Nvinfer opperating in secondary mode not always giving tensor output

awennersteen · December 18, 2020, 3:04pm

Please provide complete information as applicable to your setup.

• Hardware Platform (Jetson / GPU) T4
• DeepStream Version 5.0.1
• TensorRT Version 7.2.1
• CuDNN Version 8.0.4
• NVIDIA GPU Driver Version (valid for GPU only) 450.80.02
• CONTAINER : Modified from the deepstream 5.0.1 20.09 base

We have a Python based deepstream 5 pipeline running 1 primary detector and several secondary ones. In one of the secondary models what we are interested is the embedding in the last layer. Sometimes, although very rarely, the tensor is not there. We access the data at the end of the pipeline in a gstreamer appsink.

Is this known/expected?
If not, are there any pointers to things we can investigate? it doesnt seem to print any log

Since it happens very seldomly it’s not a prioritized issue for us, but we’ll try to have something reproducible to share.

I.e. the following path

batch_meta = pyds.gst_buffer_get_nvds_batch_meta(hash(gst_buffer))
l_frame = batch_meta.frame_meta_list
frame_meta = pyds.NvDsFrameMeta.cast(l_frame.data)
l_obj = frame_meta.obj_meta_list
obj_meta = pyds.NvDsObjectMeta.cast(l_obj.data)
obj_meta.obj_user_meta_list

ends with obj_meta.user_meta_list being None, even though

class_id = obj_meta.class_id
confidence = obj_meta.confidence
rect = obj_meta.rect_params
obj_label = obj_meta.obj_label
bbox = np.asarray( [rect.left, rect.top, rect.left + rect.width, rect.top+rect.height])
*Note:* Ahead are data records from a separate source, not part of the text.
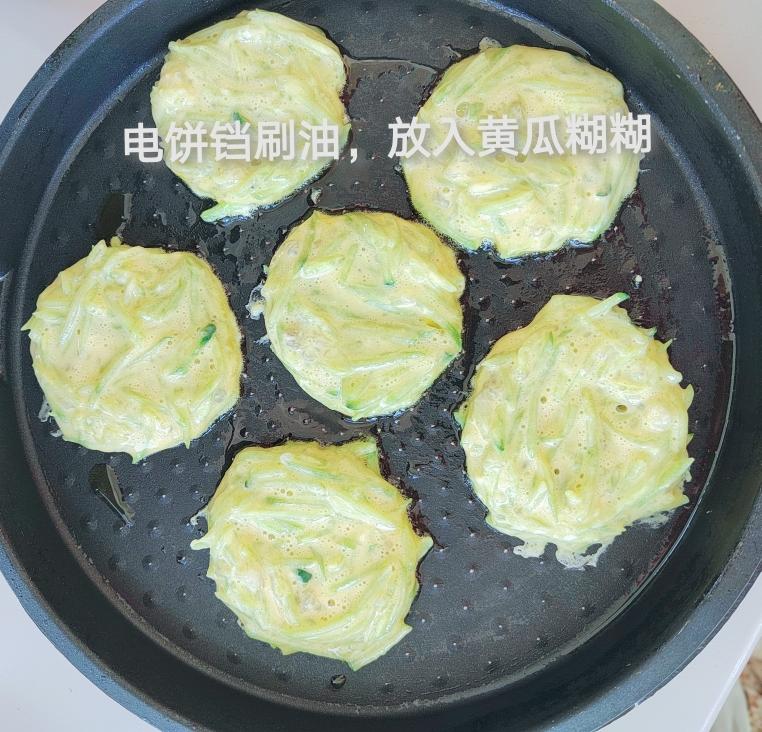 宝宝辅食：黄瓜虾仁鸡蛋饼的做法 步骤7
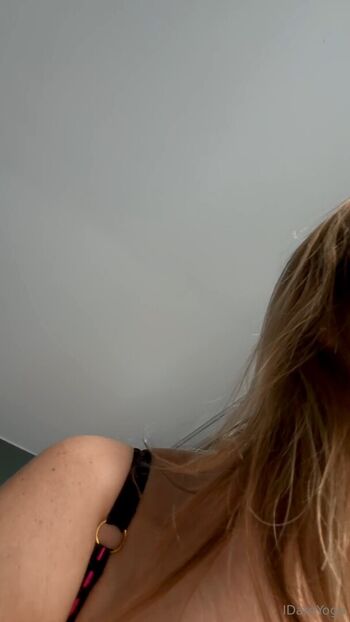 Full leaked Marlingyoga private onlyfans photo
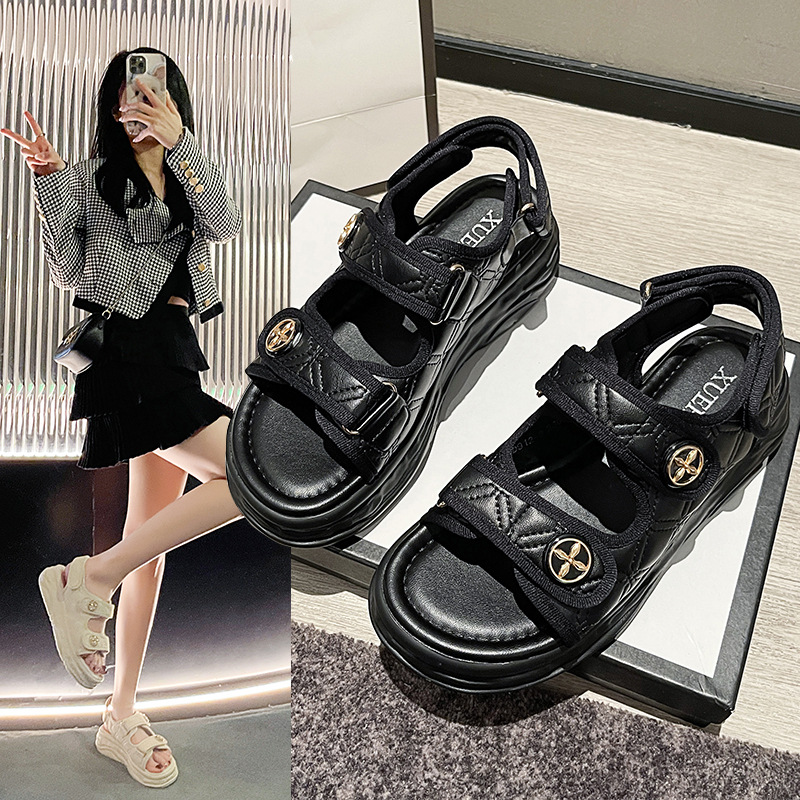 Designer 2025 new Free shipping flat for womens designer sandals black white Summer beach slippers size 35-40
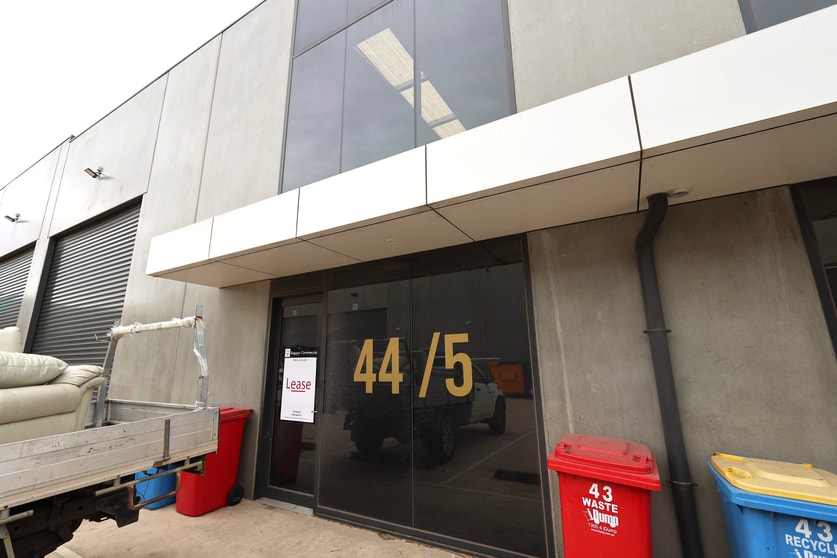 Click to view all images Unit 44/5 Scanlon Dr Epping VIC 3076 - Image 3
All gives perfectly sensible results.

the pipeline is something like:

gst-launch-1.0 rtspsrc location=rtsp://xxxxxxxxx1 ! rtph265depay ! nvv4l2decoder ! nvstreammux name=mux batch-size=1 batched-push-timeout=400000 live-source=true width=1280 height=768 ! nvinfer config-file-path=./config_infer_primary_yoloV4.txt ! queue ! nvinfer config-file-path=config_infer_secondary_1.txt ! queue ! nvinfer config-file-path=config_infer_secondary_2.txt ! appsink wait-on-eos=false drop=true max-buffers=1 enable-last-sample=false eos=false sync=0 async=0 emit-signals=true

And the config file for the affected model is

[property]
gpu-id=0
net-scale-factor=0.0039215697906911373
model-engine-file=model.engine
batch-size=4
network-mode=0
network-type=1
process-mode=2
model-color-format=0
gie-unique-id=2
operate-on-gie-id=1
operate-on-class-ids=0
output-tensor-meta=1

The model is custom, but we’ve not had to implement any custom layers.

Thanks

Fiona.Chen · December 21, 2020, 1:43pm

Since the tensor output is the modle output, so you need to check whether there is model output from your classifier model when the issue happens. Even the output of the detector is correct, it does not mean the classifier model can classify the object correctly. It is decided by model but not deepstream.